Stimulate your senses at one of LA’s most popular seafood restaurants—this time, we're in Koreatown—with a sensory-overload dinner theatre: The kitchen sautées in the firing wok, skilled hands furiously shuck bivalves, barmen shake up cocktails, speakers blare 'Top 40' indie rock and dual flat screens show the game of the moment. Groups happily dig into plates to share—try fried filets that have been lightly battered, fried and well-seasoned for a crispy bite that's slightly salty, tangy, spicy and completely addictive—and bivalves from the raw bar.
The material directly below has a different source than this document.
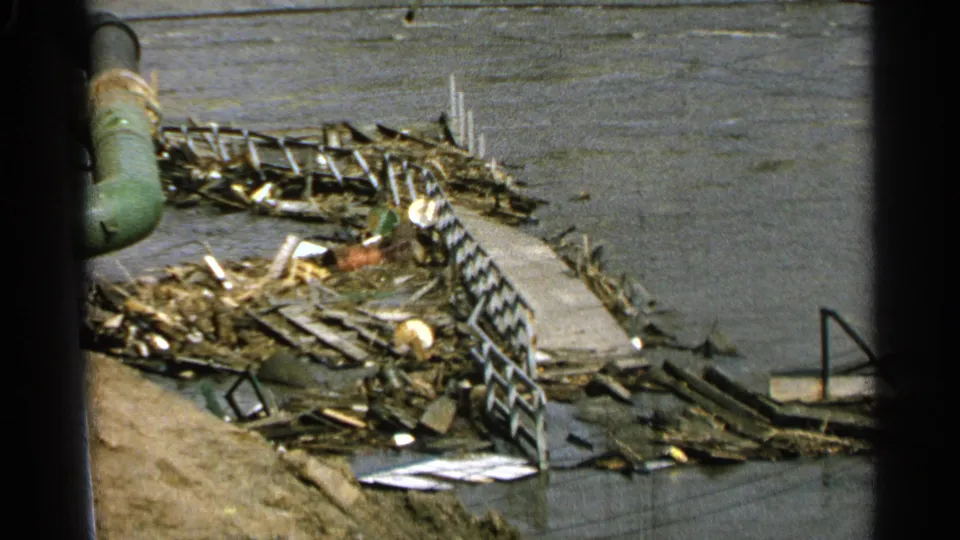 Elevated 8mm view of storm debris around a damaged waterfront dock in Minnesota, with railings, lumber, water, and a green pipe visible.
There's also an Asian-inspired array of crudo from salmon carpaccio with ponzu sauce and fish roe to—gasp—ankimo, aka monkfish liver.
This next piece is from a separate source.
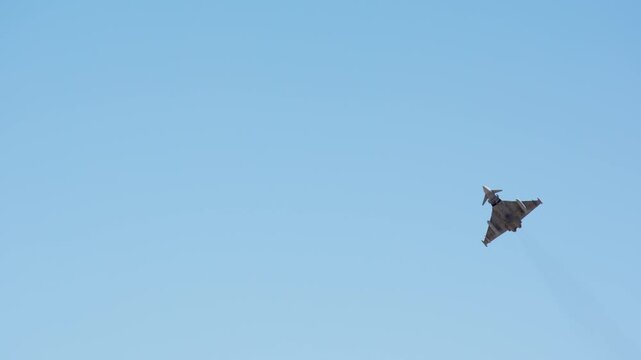 Military combat aircraft climbing away high against clear blue sky in slow motion, delta wing warplane ascending after takeoff, fighter jet gaining altitude in flight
An obligatory lobster roll is served Connecticut-style (i.e. with drawn butter, served on the side here), with meat that is sometimes overly dressed with tarragon on a soggy toasted brioche bun. Steamed clams and congee display an unusual twist of Eastern inflection—a scan of the room with families and groups of friends confirmed we were in Koreatown, after all—taro noodles and abalone for the clams, and the option to flavor with uni, clam or abalone for the rice porridge. 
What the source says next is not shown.